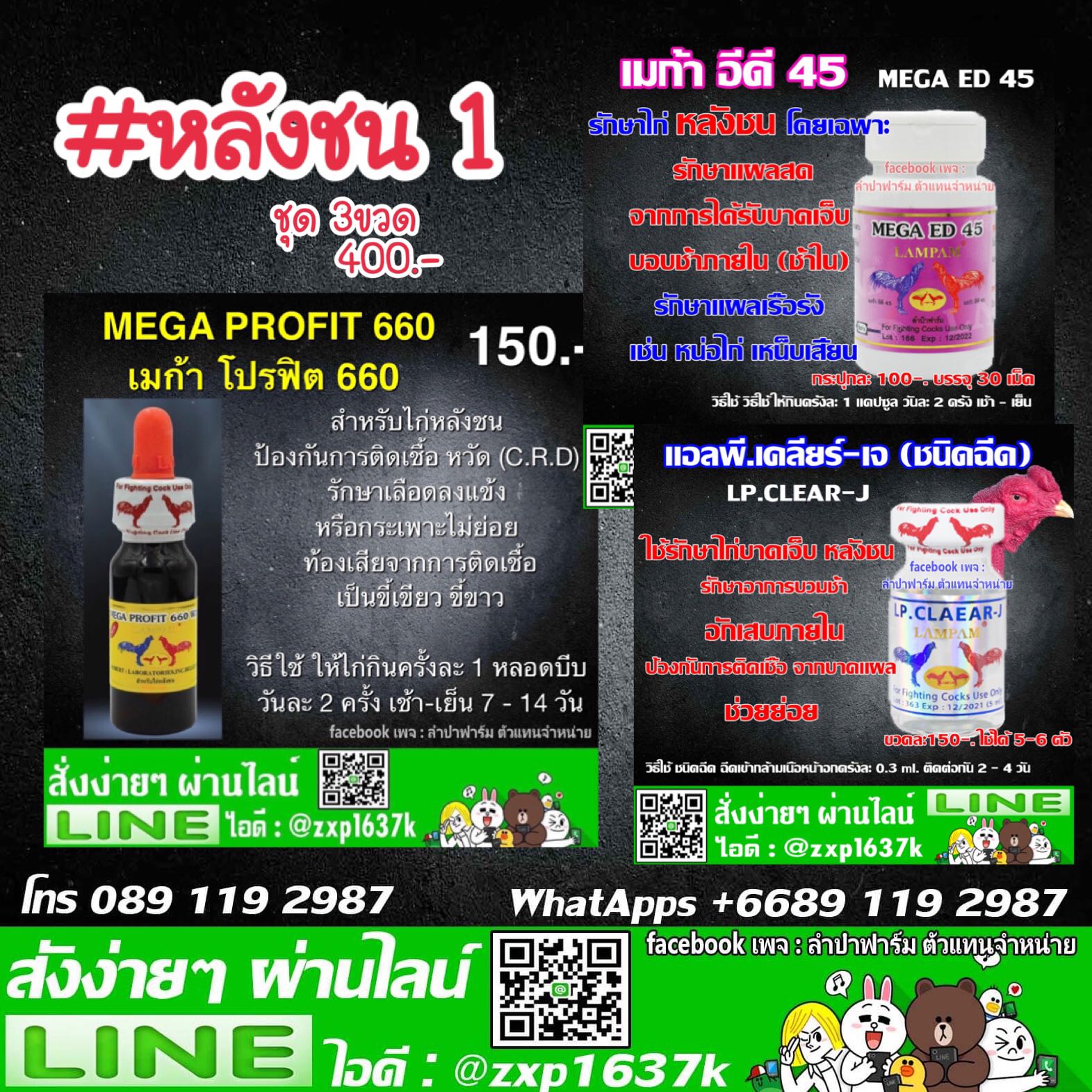 หลังชน 1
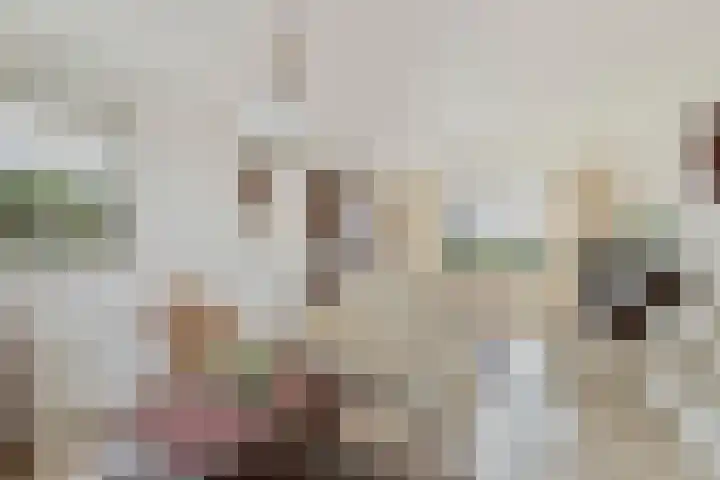 Kleistraat 3 Chaam thumbnail 7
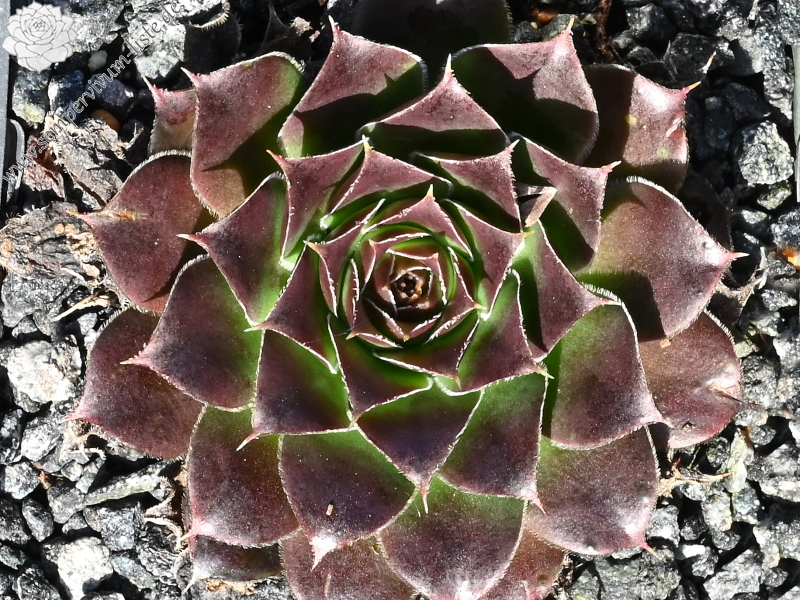 Pinatombito / Jovi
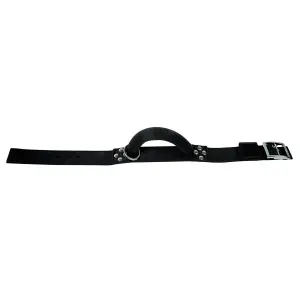 Nylon hondenhalsband met handvat Zolux 65 cm image-4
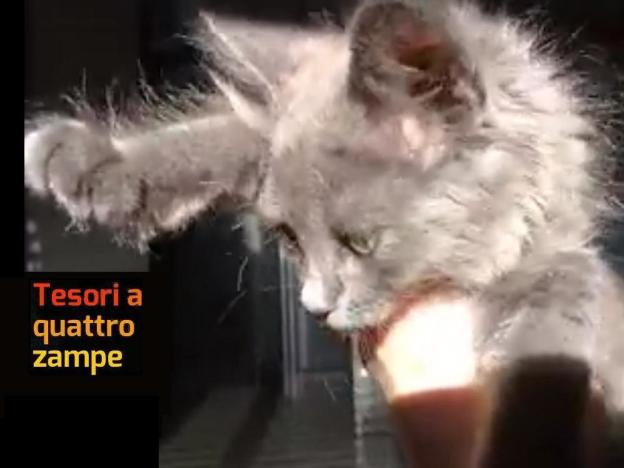 gatto_giulia_novelli_rieti_2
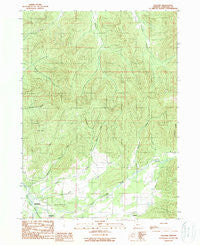 Holland Oregon Historical topographic map, 1:24000 scale, 7.5 X 7.5 Minute, Year 1989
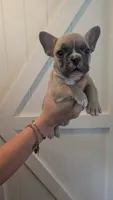 Scooter , a male French Bulldog for sale in Chester, SC – 2 of 6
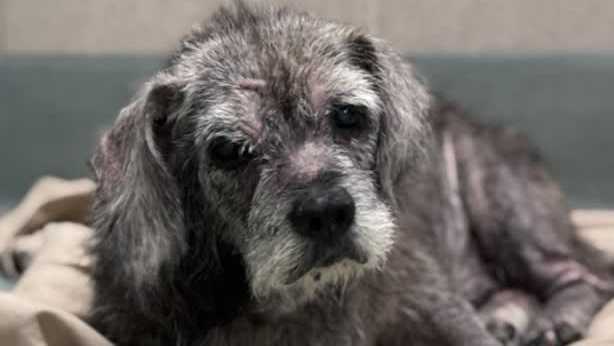 New Orleans animal shelter desperate for fosters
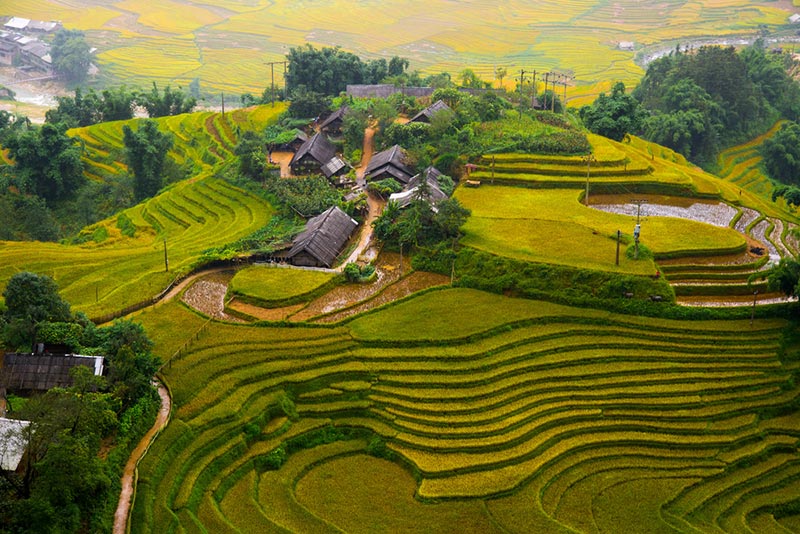 เวียดนาม เวียดนาม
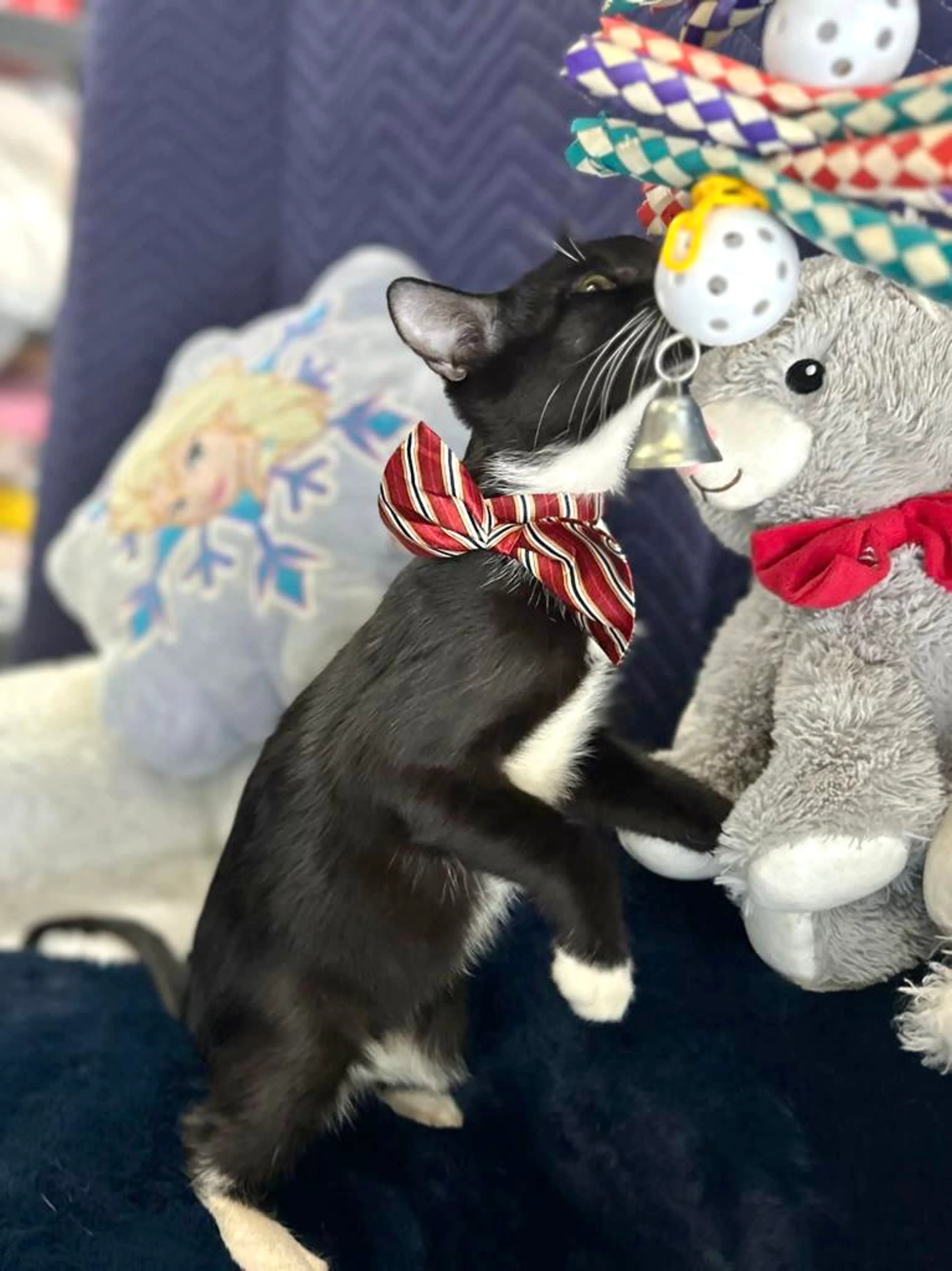 Found pet-5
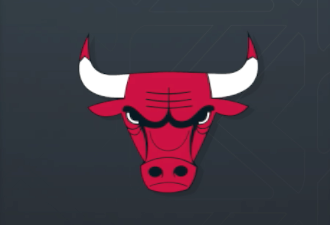 Chicago Bulls logo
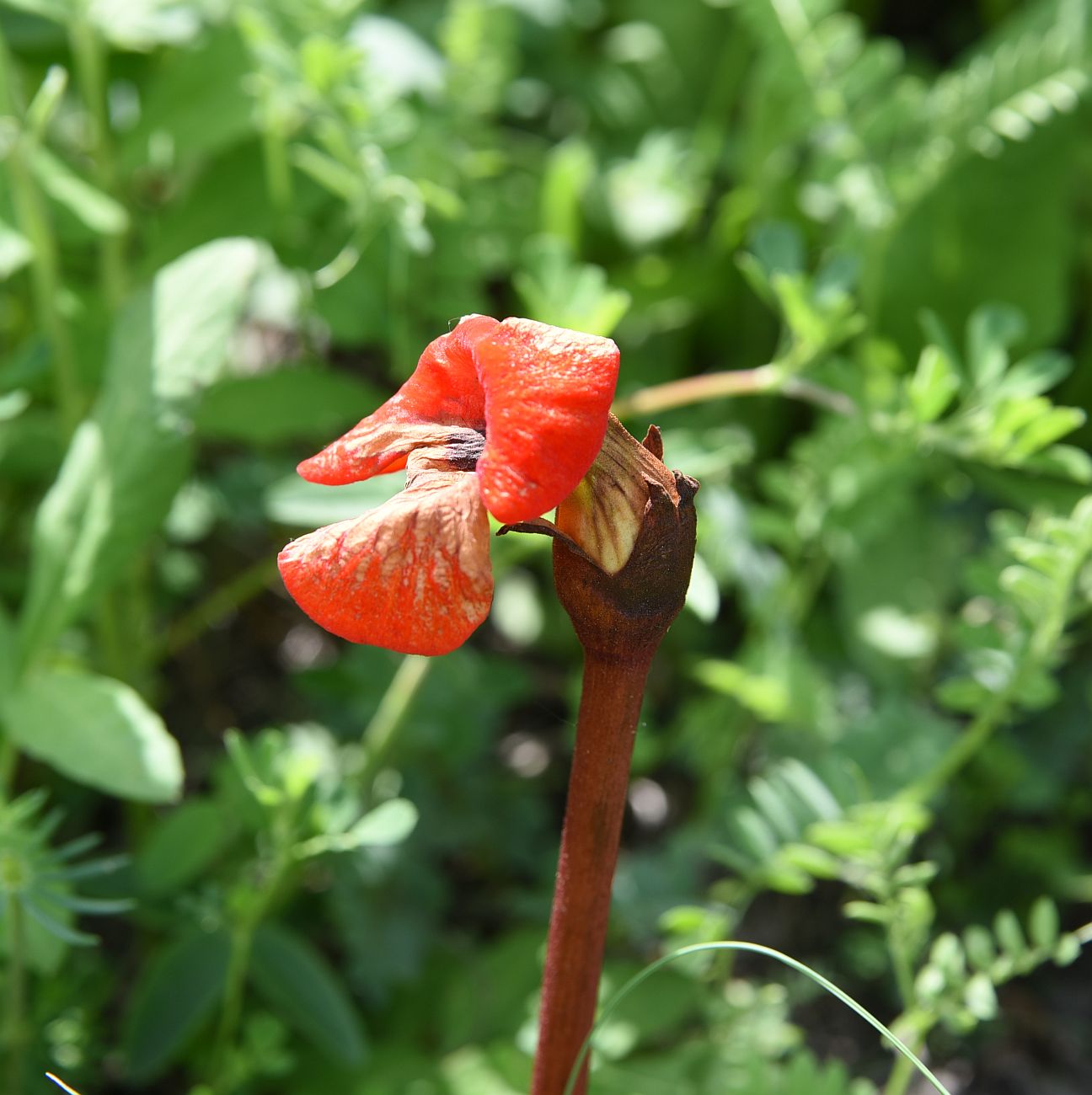 Изображение особи Phelypaea coccinea.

--- --- ---

◆ Exercise description ◆
Reproduce every record in full. Leave out the images.

◆ Exercise response ◆
 หลังชน 1
 Kleistraat 3 Chaam thumbnail 7
 Pinatombito / Jovi
 Nylon hondenhalsband met handvat Zolux 65 cm image-4
 gatto_giulia_novelli_rieti_2
 Holland Oregon Historical topographic map, 1:24000 scale, 7.5 X 7.5 Minute, Year 1989
 Scooter , a male French Bulldog for sale in Chester, SC – 2 of 6
 New Orleans animal shelter desperate for fosters
 เวียดนาม เวียดนาม
 Found pet-5
 Chicago Bulls logo
 Изображение особи Phelypaea coccinea.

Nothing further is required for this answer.